I think we'd better not to move the sequence?

2. I agree that the assertions in branch 'if (jh->b_transaction)' are 
redundant, I will remove them in v3. Thanks for pointing that.

> Also I don't quite understand the new comment you have added. Do you mean
> we need to not only clear BH_Dirty bit but also set BH_JBDdirty as dirtying
> (through jbd2_journal_dirty_metadata()) does not have to follow after
> do_get_write_access()?
> 

Yes.
I think one reason we have non-empty commit_transaction->t_reserved_list 
is that: jbd2_journal_restart() could let jh attach to transaction_1 and 
dirty jh in transaction_2.

buffer is dirty after trans_0 committed
do_get_write_access() =>  jh->trans = old_handle->trans_1, clear buffer 
dirty & set jbddirty, BJ_Reserved
jbd2_journal_restart()  => stop old_handle && may jbd2_log_start_commit 
&& start new_handle with trans_2
jbd2_journal_commit_transaction() => clear jbddirty & set buffer dirty & 
set jh->b_transaction = NULL
do_checkpoint  => buffer is fell on disk.
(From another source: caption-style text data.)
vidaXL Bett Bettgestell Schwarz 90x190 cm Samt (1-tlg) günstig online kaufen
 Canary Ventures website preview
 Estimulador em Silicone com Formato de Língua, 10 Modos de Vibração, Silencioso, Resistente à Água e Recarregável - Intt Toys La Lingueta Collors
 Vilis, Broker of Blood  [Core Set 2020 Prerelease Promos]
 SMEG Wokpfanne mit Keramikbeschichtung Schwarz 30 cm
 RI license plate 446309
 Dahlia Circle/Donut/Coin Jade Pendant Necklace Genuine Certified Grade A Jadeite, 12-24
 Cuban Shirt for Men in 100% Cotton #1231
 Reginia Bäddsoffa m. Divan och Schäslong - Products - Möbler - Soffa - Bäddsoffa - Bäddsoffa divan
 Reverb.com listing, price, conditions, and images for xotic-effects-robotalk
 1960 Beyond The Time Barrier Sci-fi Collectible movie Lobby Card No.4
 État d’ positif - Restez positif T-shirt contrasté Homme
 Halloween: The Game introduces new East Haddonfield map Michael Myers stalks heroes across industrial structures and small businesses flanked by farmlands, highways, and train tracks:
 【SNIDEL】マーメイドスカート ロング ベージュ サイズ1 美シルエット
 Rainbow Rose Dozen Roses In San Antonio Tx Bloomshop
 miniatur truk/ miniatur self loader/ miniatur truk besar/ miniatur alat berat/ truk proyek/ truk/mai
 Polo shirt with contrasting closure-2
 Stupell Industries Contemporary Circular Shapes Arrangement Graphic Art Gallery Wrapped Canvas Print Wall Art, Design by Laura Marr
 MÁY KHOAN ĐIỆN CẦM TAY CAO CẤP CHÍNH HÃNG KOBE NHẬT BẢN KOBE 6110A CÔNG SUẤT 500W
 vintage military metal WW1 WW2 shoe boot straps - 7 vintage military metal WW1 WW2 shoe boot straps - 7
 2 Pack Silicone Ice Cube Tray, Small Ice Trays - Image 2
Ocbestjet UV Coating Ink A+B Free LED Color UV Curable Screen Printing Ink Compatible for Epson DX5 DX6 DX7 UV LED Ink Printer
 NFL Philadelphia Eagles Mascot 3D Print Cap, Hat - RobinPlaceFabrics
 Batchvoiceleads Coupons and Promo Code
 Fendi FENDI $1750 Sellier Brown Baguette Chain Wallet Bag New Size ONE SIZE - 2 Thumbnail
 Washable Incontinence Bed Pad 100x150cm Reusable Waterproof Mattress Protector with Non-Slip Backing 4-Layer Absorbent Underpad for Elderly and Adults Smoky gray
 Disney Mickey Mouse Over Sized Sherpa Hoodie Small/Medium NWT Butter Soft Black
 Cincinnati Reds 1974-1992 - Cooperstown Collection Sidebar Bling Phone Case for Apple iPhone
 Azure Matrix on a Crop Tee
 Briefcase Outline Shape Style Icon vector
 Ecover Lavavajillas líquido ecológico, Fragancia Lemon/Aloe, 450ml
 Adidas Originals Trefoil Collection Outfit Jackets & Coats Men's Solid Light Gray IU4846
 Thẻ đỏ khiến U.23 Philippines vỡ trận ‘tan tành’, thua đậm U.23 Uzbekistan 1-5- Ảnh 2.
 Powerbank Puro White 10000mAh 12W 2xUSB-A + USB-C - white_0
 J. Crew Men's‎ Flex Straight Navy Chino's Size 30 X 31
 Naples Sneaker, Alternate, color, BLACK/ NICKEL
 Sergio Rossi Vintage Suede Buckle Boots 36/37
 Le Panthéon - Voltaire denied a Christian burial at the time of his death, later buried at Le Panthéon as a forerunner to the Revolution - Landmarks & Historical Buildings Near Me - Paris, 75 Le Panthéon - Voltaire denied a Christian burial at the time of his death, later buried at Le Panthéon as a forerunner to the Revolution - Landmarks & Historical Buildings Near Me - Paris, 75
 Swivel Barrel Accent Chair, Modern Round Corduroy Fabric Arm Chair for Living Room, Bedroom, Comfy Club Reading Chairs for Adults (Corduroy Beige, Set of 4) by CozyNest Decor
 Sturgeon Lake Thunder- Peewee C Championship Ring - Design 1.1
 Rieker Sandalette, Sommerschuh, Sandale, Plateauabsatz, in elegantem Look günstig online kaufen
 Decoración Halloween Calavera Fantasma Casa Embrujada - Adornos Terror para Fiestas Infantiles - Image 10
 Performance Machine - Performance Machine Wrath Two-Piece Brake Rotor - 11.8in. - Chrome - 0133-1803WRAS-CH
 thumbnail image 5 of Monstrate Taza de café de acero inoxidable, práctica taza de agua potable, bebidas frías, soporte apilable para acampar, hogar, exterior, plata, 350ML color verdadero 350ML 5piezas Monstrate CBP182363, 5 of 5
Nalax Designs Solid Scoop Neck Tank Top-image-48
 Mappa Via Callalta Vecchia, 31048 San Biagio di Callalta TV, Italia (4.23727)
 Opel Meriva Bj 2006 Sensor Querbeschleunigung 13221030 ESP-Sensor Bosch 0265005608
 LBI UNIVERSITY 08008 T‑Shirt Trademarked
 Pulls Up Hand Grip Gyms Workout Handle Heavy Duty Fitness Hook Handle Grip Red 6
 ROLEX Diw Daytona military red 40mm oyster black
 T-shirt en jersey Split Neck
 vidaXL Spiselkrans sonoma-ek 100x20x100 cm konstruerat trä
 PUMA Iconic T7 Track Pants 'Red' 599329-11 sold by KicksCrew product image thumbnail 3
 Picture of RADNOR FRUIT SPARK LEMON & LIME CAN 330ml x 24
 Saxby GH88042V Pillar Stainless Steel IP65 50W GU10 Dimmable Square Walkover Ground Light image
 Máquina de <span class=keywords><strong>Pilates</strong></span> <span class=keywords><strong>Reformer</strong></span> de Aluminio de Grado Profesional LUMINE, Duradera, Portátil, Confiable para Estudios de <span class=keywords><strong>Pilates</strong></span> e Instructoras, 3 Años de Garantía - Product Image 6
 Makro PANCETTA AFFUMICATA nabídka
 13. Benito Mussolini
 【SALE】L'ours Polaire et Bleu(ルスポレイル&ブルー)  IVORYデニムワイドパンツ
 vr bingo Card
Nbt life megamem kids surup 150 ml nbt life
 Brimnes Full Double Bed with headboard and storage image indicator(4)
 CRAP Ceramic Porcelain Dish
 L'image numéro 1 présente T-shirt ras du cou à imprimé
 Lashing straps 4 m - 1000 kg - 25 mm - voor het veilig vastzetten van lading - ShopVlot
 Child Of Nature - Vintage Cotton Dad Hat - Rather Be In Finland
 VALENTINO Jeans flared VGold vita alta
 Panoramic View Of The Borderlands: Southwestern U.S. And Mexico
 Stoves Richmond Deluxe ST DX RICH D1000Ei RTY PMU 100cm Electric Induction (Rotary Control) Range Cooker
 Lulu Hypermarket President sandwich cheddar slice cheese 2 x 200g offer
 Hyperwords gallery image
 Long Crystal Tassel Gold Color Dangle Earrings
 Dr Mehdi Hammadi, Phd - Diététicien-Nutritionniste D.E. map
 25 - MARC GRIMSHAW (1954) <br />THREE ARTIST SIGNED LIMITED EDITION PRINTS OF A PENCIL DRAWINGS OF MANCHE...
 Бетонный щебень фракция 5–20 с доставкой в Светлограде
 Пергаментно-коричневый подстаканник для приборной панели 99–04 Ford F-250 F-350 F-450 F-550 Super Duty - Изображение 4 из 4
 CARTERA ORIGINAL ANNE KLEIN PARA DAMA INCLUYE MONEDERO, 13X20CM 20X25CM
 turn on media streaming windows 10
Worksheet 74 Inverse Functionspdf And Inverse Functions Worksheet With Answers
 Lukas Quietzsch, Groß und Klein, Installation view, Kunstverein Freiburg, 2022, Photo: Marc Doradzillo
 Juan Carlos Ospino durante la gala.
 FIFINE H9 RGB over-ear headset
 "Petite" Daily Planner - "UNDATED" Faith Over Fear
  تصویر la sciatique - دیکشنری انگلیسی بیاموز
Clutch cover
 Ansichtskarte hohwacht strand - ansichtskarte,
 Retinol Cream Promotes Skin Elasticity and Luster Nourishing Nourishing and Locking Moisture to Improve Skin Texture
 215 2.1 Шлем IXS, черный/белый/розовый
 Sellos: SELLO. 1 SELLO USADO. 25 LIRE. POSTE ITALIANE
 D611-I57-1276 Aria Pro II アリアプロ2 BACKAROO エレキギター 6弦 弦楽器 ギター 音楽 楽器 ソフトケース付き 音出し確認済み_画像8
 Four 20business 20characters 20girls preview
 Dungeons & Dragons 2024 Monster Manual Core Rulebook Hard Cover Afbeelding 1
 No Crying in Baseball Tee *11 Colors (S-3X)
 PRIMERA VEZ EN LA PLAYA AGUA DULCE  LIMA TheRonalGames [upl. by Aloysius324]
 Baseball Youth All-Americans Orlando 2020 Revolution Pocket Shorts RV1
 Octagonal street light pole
If do_get_write_access() not 
mark jbddirty, buffer won't be fell on disk after checkpoint, which 
could corrupt filesystem.

I'm not sure whether we have the above path in realworld. I guess it 
exists in theory according to the comments:
        /* 

         * First thing we are allowed to do is to discard any remaining 

         * BJ_Reserved buffers.  Note, it is _not_ permissible to assume 

         * that there are no such buffers: if a large filesystem 

         * operation like a truncate needs to split itself over multiple 

         * transactions, then it may try to do a jbd2_journal_restart() 
while
          * there are still BJ_Reserved buffers outstanding.  These must 

          * be released cleanly from the current transaction. 

          * 

          * In this case, the filesystem must still reserve write access 

          * again before modifying the buffer in the new transaction, 
but
          * we do not require it to remember exactly which old buffers 
it
          * has reserved.  This is consistent with the existing 
behaviour
          * that multiple jbd2_journal_get_write_access() calls to the 
same
          * buffer are perfectly permissible. 

          * We use journal->j_state_lock here to serialize processing of 

          * t_reserved_list with eviction of buffers from 
journal_unmap_buffer().
          */ 

         while (commit_transaction->t_reserved_list) {  [...]